“Ten, I should say,” he replied.
“And I’ve had no breakfast!” she said. “We really must go back.”
He made no objection, and they turned. “You must come and see me at the lodge,” she said. “I am going home to-morrow afternoon.”
But he shook his head. “Don’t ask me,” he replied. “You know I don’t belong among smart people.”
She started to protest; but then she thought of Billy Aldrich with his tight collars and fancy stick-pins—of Malcolm McCallum with his Japanese valet; no, there was no use pretending about such things. And besides, she did not want these people to know her secret.
“But where can we meet?” she said. (How perfectly appalling was that—without any hint from him!)
“Can’t we ride again to-morrow morning?” he asked, quite simply.
And so they settled it. He left her at the place where the road turned in to the lodge. He tried to thank her for what she had taken the trouble to do; but she was frightened now—she dared not stay and listen any longer to his voice. She waved him a bright farewell, and rode off, feeling suddenly faint and bewildered.
She had half a mile or so to ride alone, and in that ride it was exactly as if he were by her side. She still heard his horse’s hoofs, and felt how he would look if she were to turn. Once she thought of Lady Dee, and then she could not help laughing. What would Lady Dee have said! How many of the rules of coquetry had she not broken in the space of two brief hours! But after a little more thought, she consoled herself.

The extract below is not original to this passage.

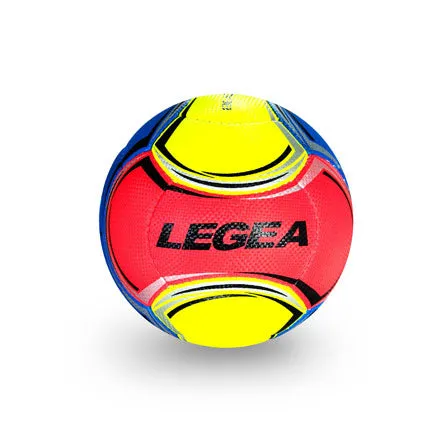 legea-pallone-da-beach-soccer-in-pvc-6-pannelli-saldati image 1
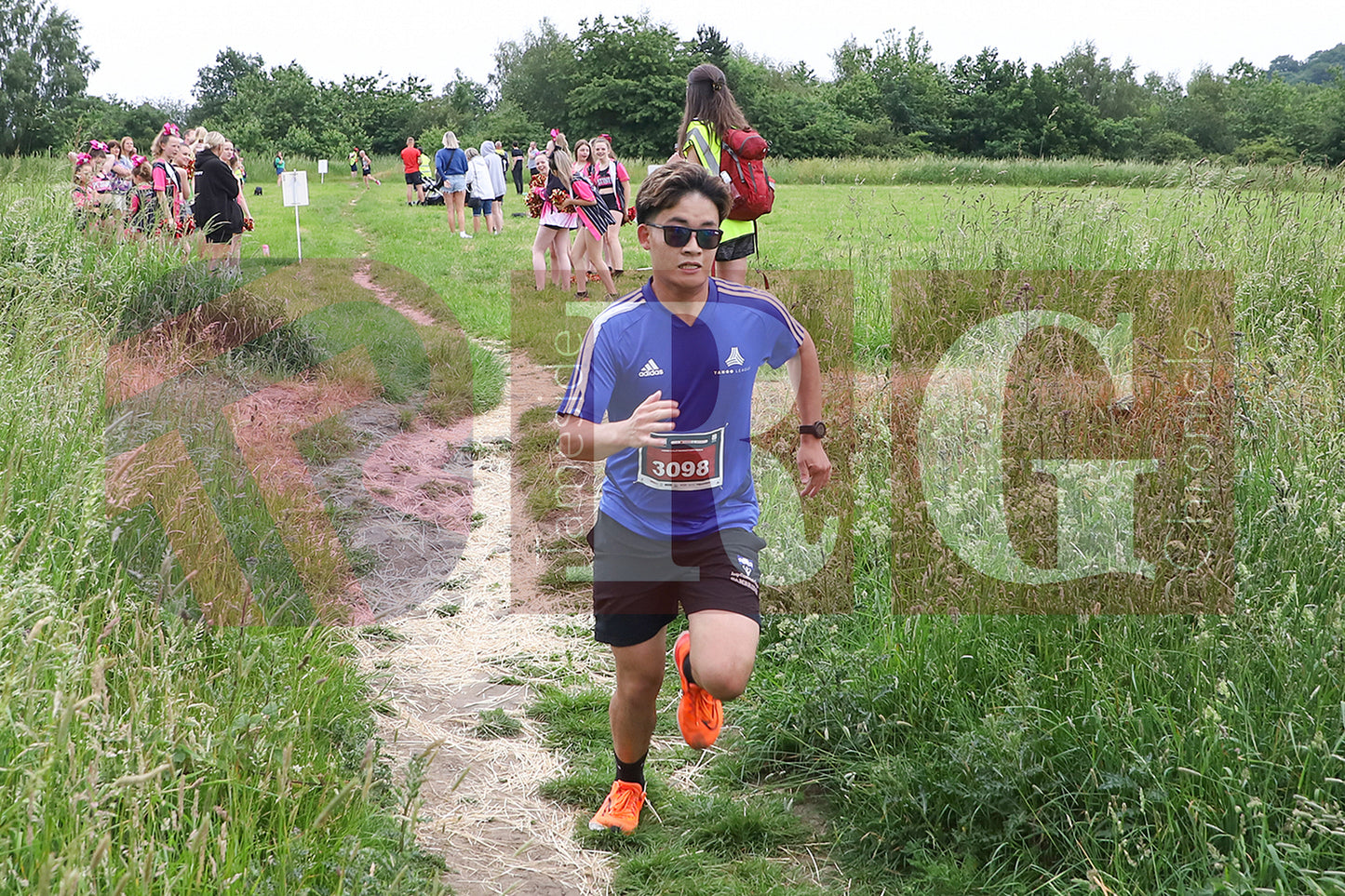TOUR TAMESIDE 2023 DAY TWO (129).JPG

Possibly there were moves in this game which even Lady Dee had never heard of! “I don’t think I managed it so badly,” she was saying to herself, as she dismounted from her horse.
And that was the view she took when she told Harriet about it. She had not meant to tell Harriet at all, but the secret would out—she had to have some one to talk to. “Oh, my dear,” she exclaimed, “he’s perfectly wonderful!”